Pajri mendirikan BSSL karena sering melihat warga seenaknya membuang sampah. Pada 2013, ketika ia tinggal di Jalan Muchran Ali, Gang Kayu Putih, di sekitar tepi Sungai Mentaya, ia prihatin sekaligus gelisah melihat sampah yang dibuang warga menumpuk di sungai dan tepi jalan.

Dari situ, ia mulai tertarik membaca sejumlah referensi tentang sistem pengelolaan bank sampah di internet. Ia juga mencoba bertanya kepada sejumlah bank sampah di beberapa kota besar, seperti Malang, Yogyakarta, Banjarmasin, dan Balikpapan.
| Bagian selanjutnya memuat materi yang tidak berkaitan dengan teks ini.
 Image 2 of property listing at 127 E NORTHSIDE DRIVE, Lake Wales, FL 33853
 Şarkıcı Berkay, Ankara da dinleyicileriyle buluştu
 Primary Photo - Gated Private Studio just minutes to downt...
Setelah mendapat pengetahuan tentang bank sampah, Pajri bersama kakak dan istrinya, Badariah, merintis bank sampah di Sampit. Awalnya, ia mencoba mengajak delapan murid SD untuk mengumpulkan sampah.

Usahanya ternyata tidak mulus. Ia justru mendapat ejekan, cibiran, dan label sebagai pemulung. Orangtua anak-anak SD yang Pajri libatkan untuk mengumpulkan sampah pun marah.
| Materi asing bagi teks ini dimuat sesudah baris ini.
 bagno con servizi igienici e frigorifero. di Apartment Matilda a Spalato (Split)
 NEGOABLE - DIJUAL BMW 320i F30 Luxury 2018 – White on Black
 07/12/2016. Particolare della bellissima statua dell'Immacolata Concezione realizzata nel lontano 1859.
Karena idenya belum diterima, sampah yang dikumpulkan pun tidak banyak, hanya 14 kilogram. Jika diuangkan hanya Rp 18.000.
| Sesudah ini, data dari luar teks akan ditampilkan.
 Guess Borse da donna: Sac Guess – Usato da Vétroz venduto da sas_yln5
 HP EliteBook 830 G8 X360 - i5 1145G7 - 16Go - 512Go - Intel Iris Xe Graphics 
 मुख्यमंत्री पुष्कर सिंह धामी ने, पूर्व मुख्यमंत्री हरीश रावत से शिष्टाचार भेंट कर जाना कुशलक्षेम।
Pajri pun kemudian membuat strategi lain. Ia dekati kerabat dan keluarganya untuk meminta mereka tidak membuang sampah sembarangan. Ia juga mengajak mereka untuk memilah dan menabung sampah.

Dari keluarga dan kerabat, gerakan menabung sampah ditularkan kepada para tetangga. Mereka tertarik karena Pajri memberikan layanan menarik, yakni membayar sampah yang mereka setor dengan pulsa telepon genggam. "Orang-orang mulai sadar bahwa sampah bisa dimanfaatkan. Selain bisa untuk membeli pulsa, mereka juga bisa membayar listrik dan air dengan sampah," tuturnya.

Perlahan tapi pasti, jumlah nasabah bank sampah bertambah, apalagi Pajri mau menjemput sampah ke rumah-rumah nasabah. Hingga Oktober 2016, pria yang juga bekerja sebagai teknisi telepon seluler itu berhasil mengajak 858 orang untuk menjadi nasabah di BSSL. "Para nasabah berasal dari sekitar 100 RT di tiga kecamatan, yaitu Baamang, Kota Besi, dan Ketapang," paparnya.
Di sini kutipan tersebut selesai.